Building an ecommerce store is easy.

Getting people to buy is hard.

Or is it?

The fact is:

It all boils down to your customers.

This is how most marketers and business owners play it out:

They ‘think’ that people would be interested in cat socks. No problem.

Then they imagine that girls in the age range of 8-16 would be interested in buying cat socks.

They build out an entire business targeting girls with an age range of 8-16. They then wonder why they’re not making sales.

The fundamental issue here is that the thought process is flawed.

Everything you see and hear is perspective.

Such perspectives may not be correct all the time. And building business based on perspectives is a bad idea.
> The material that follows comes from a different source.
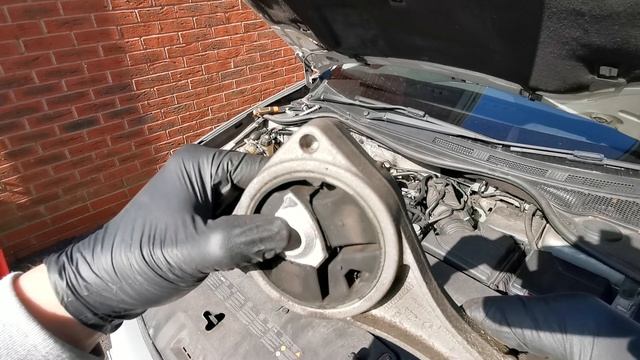Upper Right Engine Mount Replacement, Renault Laguna Mk. 3, 2.0 dCi смотреть онлайн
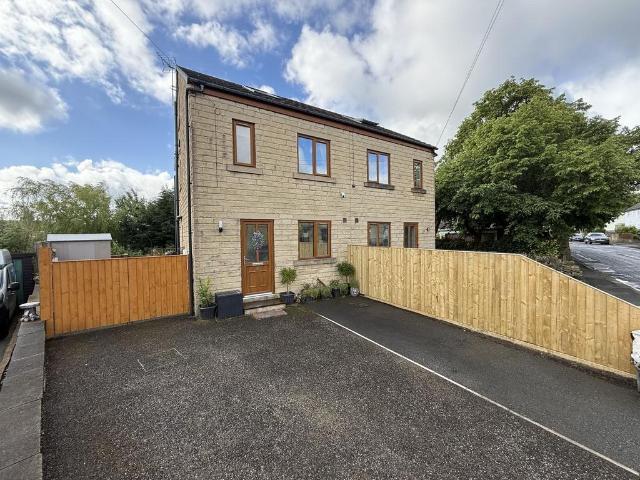House for sale in Illingworth, West Yorkshire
Business and marketing business should be data-backed. You need real data showing you where and what your target audience is.

And in this post, I’m going to show you how to get that data- step by step.

The 3 Steps to Nailing Target Market Demographics

Demographics are simply the statistical characteristics of a sample set of people. If you’re able to identify:

  • where your ideal customers hang out online
  • what they read
  • how they compare products, and
  • where they buy from

you have an unfair advantage compared to your competitors.

I’ll cover the process of finding the ideal target market demographic for your ecommerce store in 3 steps:

  1. Start with the keywords

Okay, I might be a biased here, but think about it:

All search activity starts with a keyword.

So when you’re trying to identify the target market demographic that’ll result in sales for your keyword, it’s only sensible that you start your research with keywords.

Let’s consider the bitcoin and cryptocurrency niche for example.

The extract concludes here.